Tim Evans of Citi Futures Perspective sees the market moving lower as cooling demand subsides and storage injections increase. "While hot summer temperatures remain a current support for the market, we continue to see the seasonal cooling trend that will follow as a bearish factor, at least relative to the prevailing price level.
"Expectations for Thursday's DOE storage report for the week ended July 22 are still being compiled by the major newswires, but estimates we've seen so far suggest a consensus running in the vicinity of 30 Bcf in net injections. This would be a modest decline from the 30 Bcf refill in the prior week and a supportive contrast with the 52 Bcf five-year average gain.”
Evans’ own estimates are for a 24 Bcf build, and he suggests this sets the market up for a bullish surprise. His figures show that by Aug. 12, the year-on-five-year storage surplus could fall from its present 559 Bcf to 428 Bcf.
Evans says he wouldn't "rule out" a continuation of this trend, although at present he doesn't have a specific forecast that would enable those calculations. "This declining surplus confirms that the market is becoming tighter on a seasonally adjusted basis, which most often translates into rising prices over the intermediate term."
Once cooler temperatures set in, power sector demand is likely to lessen. "We think this weakening of current demand may allow the market to fall to the $2.40-2.50 range in the weeks ahead, which we view as a more appropriate discount to last year's valuation given what was still a 471 Bcf year-on-year storage surplus as of July 15,” Evans said.
Evans is currently on the sidelines awaiting a new, limited-risk trade entry.
Weather-wise, look for brief respite from eastern heat followed by a return of warmth by next week. "Fresh midday weather data continues streaming in and again no major changes in the latest weather data, although there remain important differences between some of the major weather models on just how hot the first half of August will play out," said Natgasweather.com in a noon update.
"To our view, regardless, it will be very warm to hot with stronger than normal nat gas demand. Until then, after a hot start to the week, cooler temperatures will spill across the Great Lakes and Mid-Atlantic over the next several days due to a weather systems with showers and thunderstorms tracking through.

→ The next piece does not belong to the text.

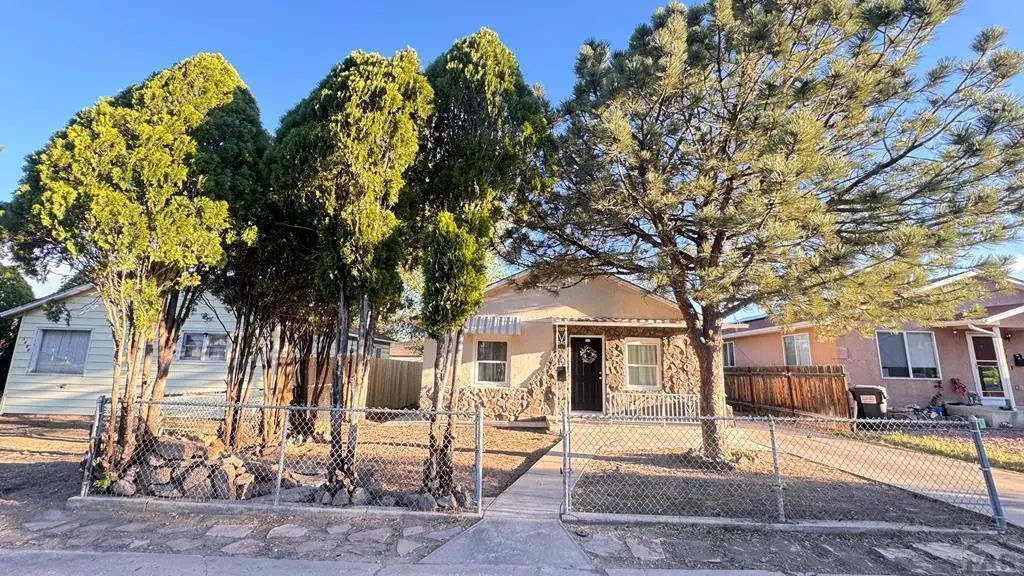 1004 W 18th St, Pueblo, CO 81003 - #1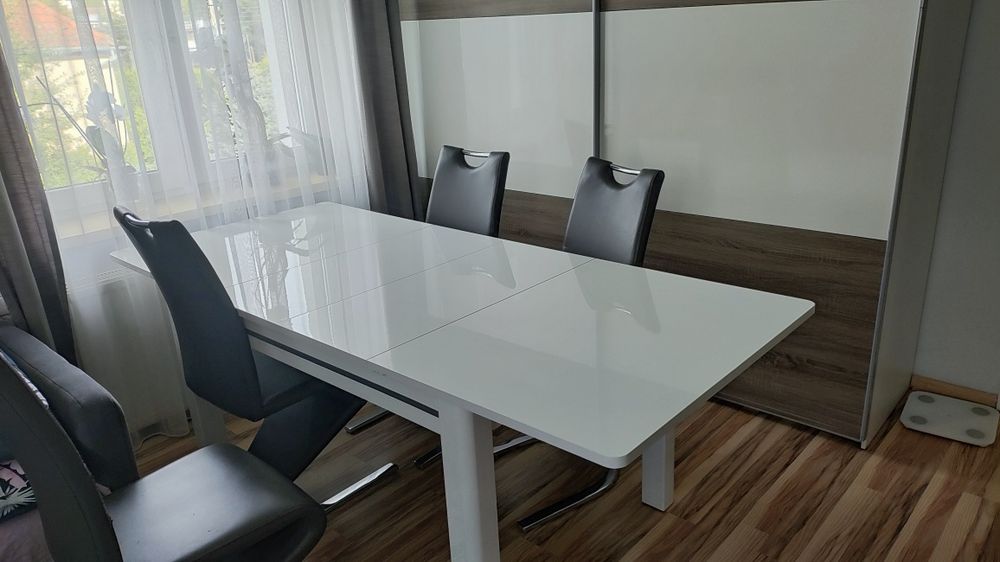 Biały stół rozkładany na wysoki połysk 90x136–210 cm + krzesła GRATIS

This cooler period will last through the coming weekend, easing natgas demand from recent very high levels to just slightly above normal even though it remains quite hot and humid with 90s and 100s over the western, central, and eastern U.S.
"However, as expected, early next week the hot upper ridge will bounce back with increasing strength, while also expanding back across much of the northern and eastern U.S. to bring another several day period of very strong nat gas demand around Tuesday through Friday of next week."
In overnight Globex trading September crude oil fell 11 cents to $42.81/bbl and September RBOB gasoline gained a bit to $1.3449/gal.